* _Excerpted data_
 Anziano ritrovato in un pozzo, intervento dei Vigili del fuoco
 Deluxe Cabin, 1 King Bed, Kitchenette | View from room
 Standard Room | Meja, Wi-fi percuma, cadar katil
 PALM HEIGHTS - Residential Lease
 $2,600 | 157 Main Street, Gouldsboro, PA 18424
* * *
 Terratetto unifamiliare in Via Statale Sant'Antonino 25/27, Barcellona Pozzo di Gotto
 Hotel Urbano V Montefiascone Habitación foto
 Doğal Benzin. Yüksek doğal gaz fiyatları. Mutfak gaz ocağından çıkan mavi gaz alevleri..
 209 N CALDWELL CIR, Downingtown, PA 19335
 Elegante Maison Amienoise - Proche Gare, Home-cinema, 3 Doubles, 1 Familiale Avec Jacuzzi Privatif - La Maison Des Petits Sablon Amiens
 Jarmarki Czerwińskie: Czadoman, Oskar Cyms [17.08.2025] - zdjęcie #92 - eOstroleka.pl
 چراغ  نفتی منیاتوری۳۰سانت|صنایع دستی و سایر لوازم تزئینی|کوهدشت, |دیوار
--
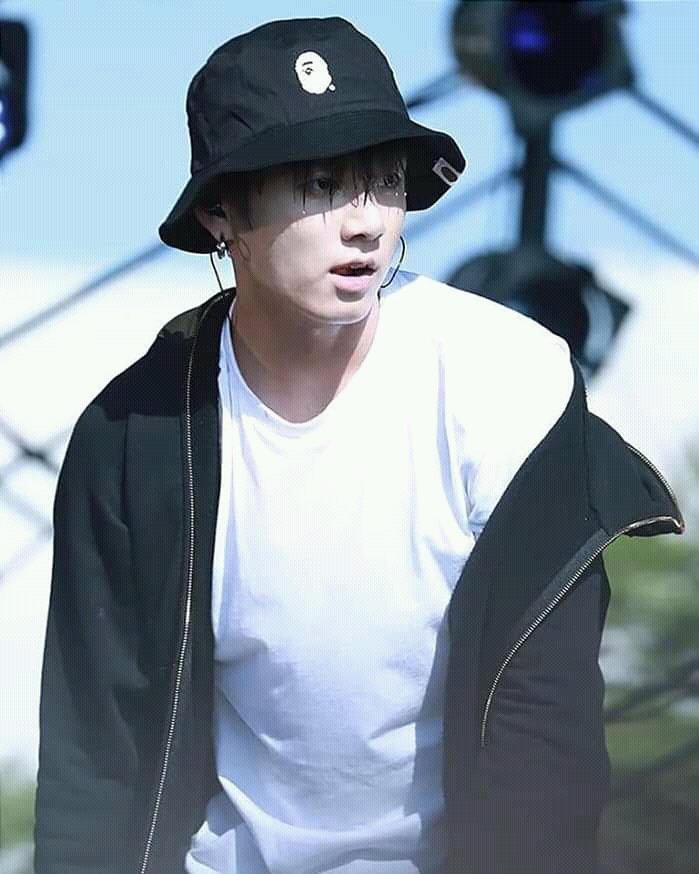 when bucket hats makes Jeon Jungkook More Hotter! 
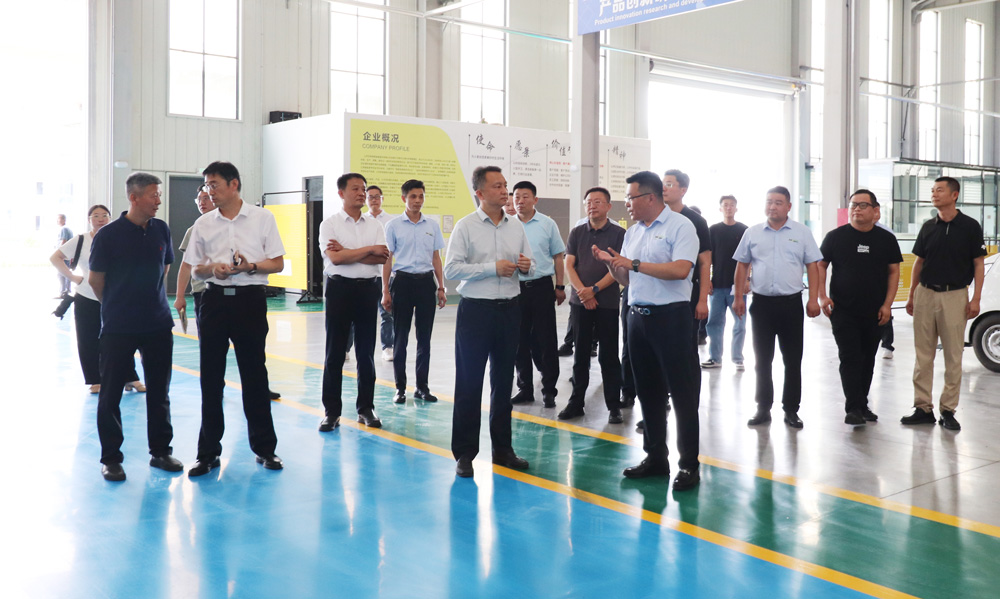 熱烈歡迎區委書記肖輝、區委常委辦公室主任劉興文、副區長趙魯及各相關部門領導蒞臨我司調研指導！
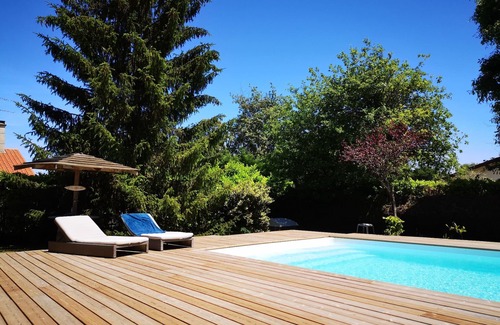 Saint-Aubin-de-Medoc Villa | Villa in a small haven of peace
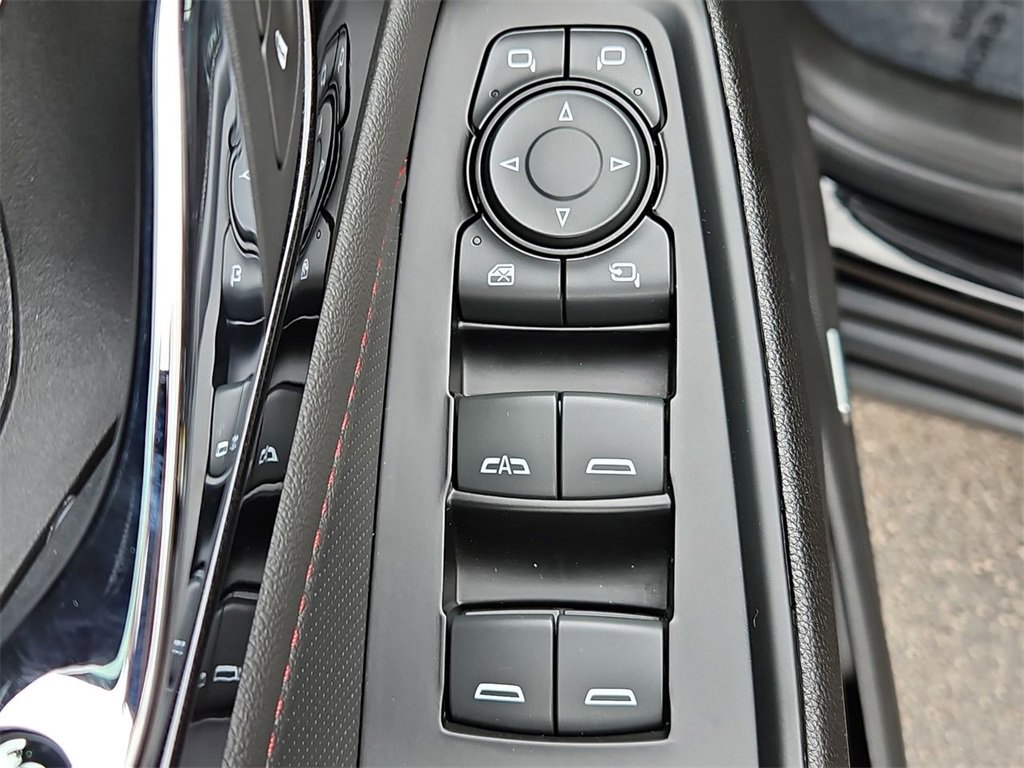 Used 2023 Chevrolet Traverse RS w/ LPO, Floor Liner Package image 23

* _Task statement_
Where the listing above reaches the line that contains "Anziano ritrovato in", start retyping, and finish with the line that contains "Gouldsboro, PA 18424"; reproduce those lines exactly and no others.

* _Solution_
 Anziano ritrovato in un pozzo, intervento dei Vigili del fuoco
 Deluxe Cabin, 1 King Bed, Kitchenette | View from room
 Standard Room | Meja, Wi-fi percuma, cadar katil
 PALM HEIGHTS - Residential Lease
 $2,600 | 157 Main Street, Gouldsboro, PA 18424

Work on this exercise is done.